Customer events, content-driven apps, and even print magazines are used not only to make customers feel better about their purchase, but to provide separate, discrete value from the brand as well.
Consider Nike. The company began developing branded apps in 2006. Now, it has multiple apps focused on helping runners and athletes track their progress. As Ad Age recently reported: Collectively, these apps boast a user base of over 28 million people. That is 28 million people to which the brand has direct access. With this greater customer intimacy, Nike gains invaluable insights and information about its user base. With access to all this information, Nike could have used it to aggressively drive sales from the apps, but instead Nike brilliantly created an authentic athlete community by means of its apps.
Through this community Nike built, the brand fosters intense loyalty, which translates to revenue down the line.
That is the power of an aggregated audience, and it changes the remit of marketing considerably.
Cash value: Generate revenue from marketing
Cash value is squarely where my and Joe Pulizzi’s book Killing Marketing is focused. Direct revenue – marketing as a business model – is the most unorthodox value an audience can provide. By doing this, leading companies are diversifying their businesses, generating higher margins, and/or mitigating costs of other marketing activities.
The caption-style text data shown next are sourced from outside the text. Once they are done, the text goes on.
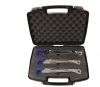 Набор ключей для PK/SK фитингов с резьбой 1/2”, 3/4”, 1”, Henco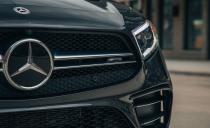 <p>2019 Mercedes-AMG CLS53 4Matic</p>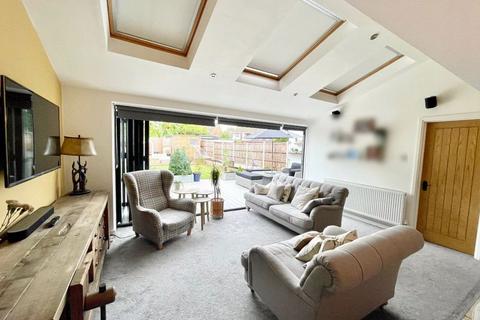 18 Trinity Road, Sutton Coldfield, B75 6TG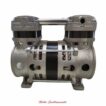 How a 30 LPM Piston Type Vacuum Pump Simplifies Laboratory Membrane Filtration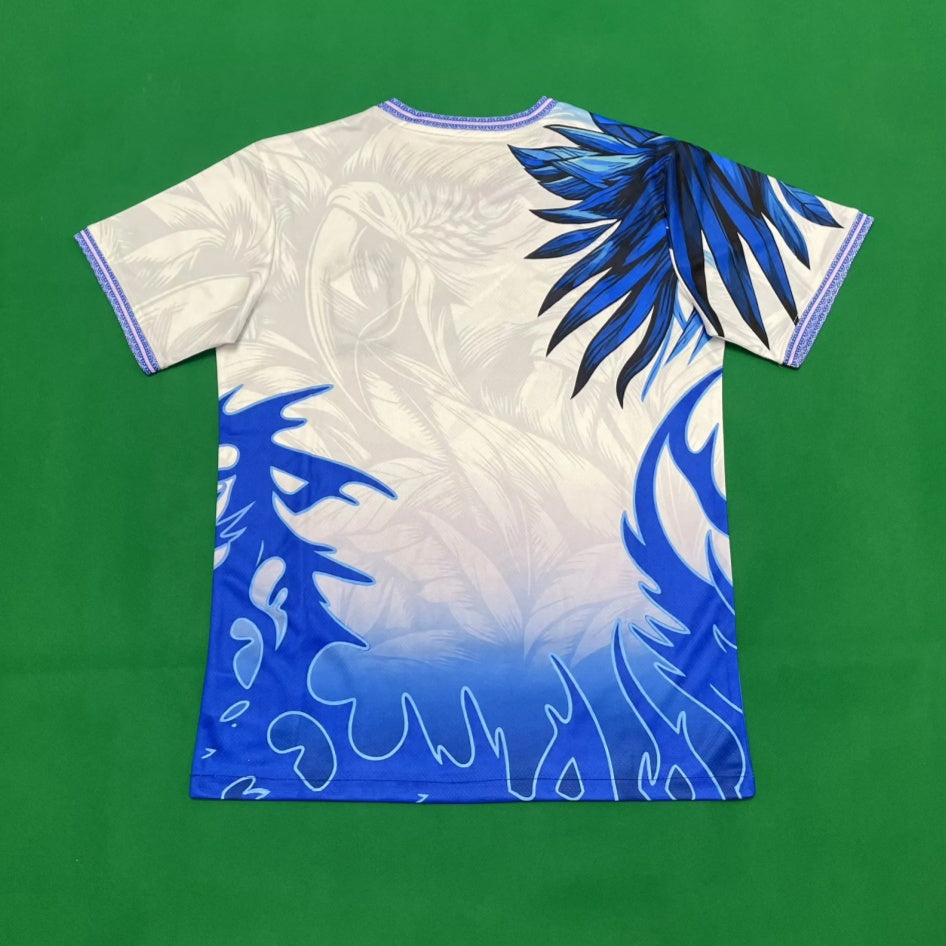 Maillot 26/27 Brésil  Spécial  II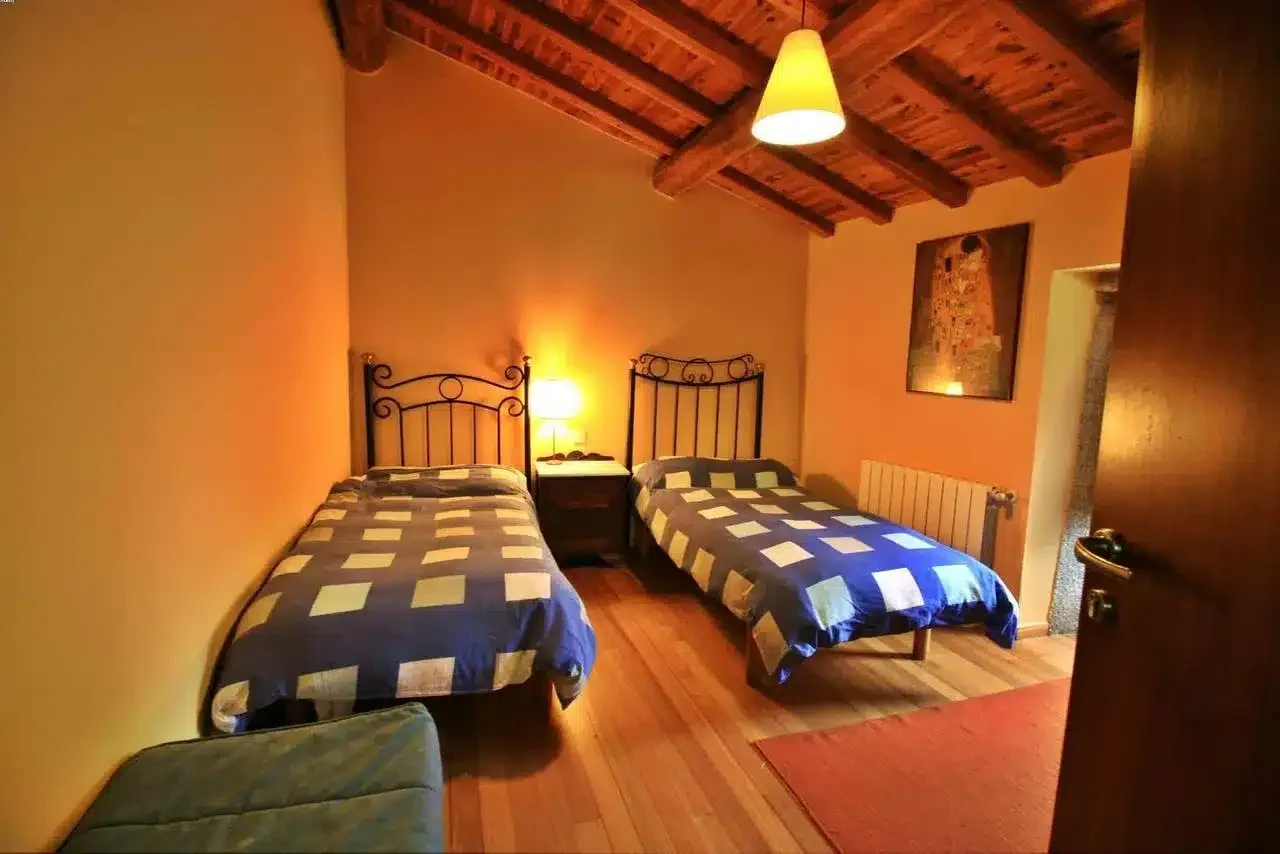 Casa Riotorto - Foto 2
They are, when combined with the savings attributed to other values, marketing at a profit.
One of the best representations of this is Salesforce.com and its Dreamforce event. The company’s flagship content platform is the second largest technology event in the United States. More than 170,000 people from more than 83 countries attend each year. According to its 2017 annual report, there are approximately 150,000 total customers to the software platform. That means, of course, that customers as well as non-customers attend Dreamforce. At an average registration fee of $1,500 (conference passes for 2018 are listed at $2,199), that’s $225 million in revenue without accounting for additional event-related revenue such as sponsorships.
There’s no app for that
The key to understanding these 4 Cs of value is that there is no dashboard application for them. Companies monetize audiences by rolling up their sleeves and using their audience asset to run tests. They experiment. They hypothesize. As Eli Goldratt would explain, they understand the difference between data and information. These marketers:
- Retrieve a segment of their subscribed audience for a targeted advertising campaign to test whether it helps reach or conversions.
- Poll and survey their audience members to understand them more deeply and learn how they might deliver better marketing content to them.
- Track them across publications and use audience data to serve more optimized e-commerce catalog products to see if it lifts shopping cart value.
- Tag them as they work through the buyer’s journey and partner with sales to deliver insight so sales can see if the content marketing leads close at a higher rate.
- Measure organic vs. purchased traffic to see if audiences are acquired more efficiently or effectively – and/or if they are more likely to turn into leads over time.
In short, successful marketers measure their efforts by using the value of the asset – the audience – and applying it as a tool to garner multiple positive impacts on the business. And the audience value grows in two ways – in size (thus increasing the impact) and in the number of success goals it can support.
The critical thing, as Eli Goldratt might say, is to first understand what success looks like. You should have hypotheses you can test. So when someone asks, “What does success look like?” you have a clear and distinct answer. Then, when asked “What are you trying to measure?” you can specify exactly what is needed to understand your progress toward that success.
Now you know how you will behave. It’s logical. How do you measure content marketing? You don’t measure the content. You measure your audience’s impact on the business.